(Commonwealth_ Canada) Rogers Communications is set to acquire Bell’s 37.5% ownership stake in Maple Leaf Sports & Entertainment (MLSE) for C$4.7 billion, pushing its total ownership to 75%. The purchase will be finalized by mid-2025, pending regulatory and league approvals. MLSE, a premier sports conglomerate, owns prominent franchises including the NHL’s Toronto Maple Leafs, the NBA’s Toronto Raptors, the CFL’s Toronto Argonauts, MLS’s Toronto FC, and the AHL’s Toronto Marlies, as well as the Scotiabank Arena. Currently, Rogers and Bell share ownership of MLSE equally, with MLSE chairman Larry Tanenbaum holding the remaining 25% stake through his company, Kilmer Sports Inc. OMERS, a Canadian pension fund, indirectly owns a 5% stake in MLSE, which it acquired in 2023 by purchasing a 20% stake in Kilmer Sports for US$400 million.
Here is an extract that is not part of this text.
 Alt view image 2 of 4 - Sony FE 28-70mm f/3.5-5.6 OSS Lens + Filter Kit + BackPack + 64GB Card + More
This deal puts the overall value of MLSE at approximately C$12.53 billion.
The decision by Rogers to increase its ownership aligns with its broader business strategy, which prioritizes investing in live sports and entertainment as a fundamental aspect of its communications and entertainment business. Edward Rogers III, executive chair of Rogers, emphasized that the company had already invested more than $14.5 billion in sports over the past decade, highlighting its deep commitment to this sector. The acquisition will give Rogers significant control over some of Canada’s most beloved sports franchises. In addition to MLSE, Rogers already owns Major League Baseball’s Toronto Blue Jays and its stadium, Rogers Centre. We expect the consolidation under one primary owner to streamline decision-making at MLSE, which previously involved joint ownership between two competing telecommunications giants.
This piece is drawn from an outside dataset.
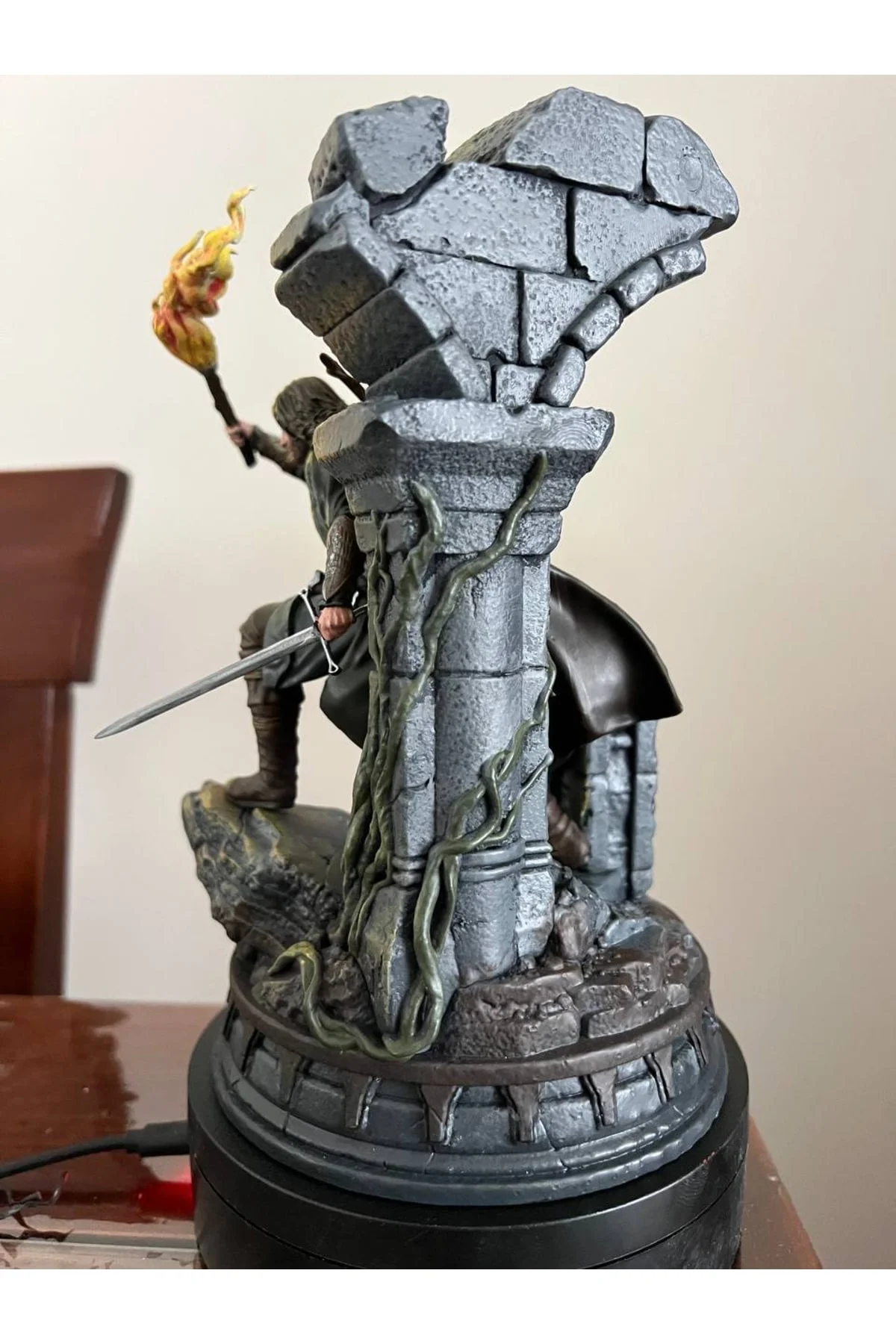Aragorn Ölüler Yolu'nda Yüzüklerin Efendisi Lotr 20 Cm Boyalı Figür (büyük Boy) Fiyatı, Yorumları ve Özellikleri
Brian Cooper, chairman of MKTG Canada and former MLS vice president, praised the deal, noting that the previous structure with Bell, Rogers, and a minority shareholder in Tanenbaum was complex and challenging to navigate. He described the new arrangement as more streamlined, making governance smoother for MLSE moving forward. Former MLSE president and CEO Tim Leiweke agreed, calling the sale “a very good deal for MLSE, the partners, and especially the fans.” Leiweke, now president of the Oak View Group, added that Edward Rogers has the necessary resources to ensure MLSE remains competitive and continues to grow. He also expressed that Bell made a smart financial move by protecting its shareholders and securing a significant return on its investment. Bell, which has decided to shift its focus toward its core telecommunications business, intends to use the proceeds from the sale to reduce debt and support its ongoing transformation into a technology company, or “techco,” as described by Mirko Bibic, president and CEO of BCE Inc. and Bell Canada.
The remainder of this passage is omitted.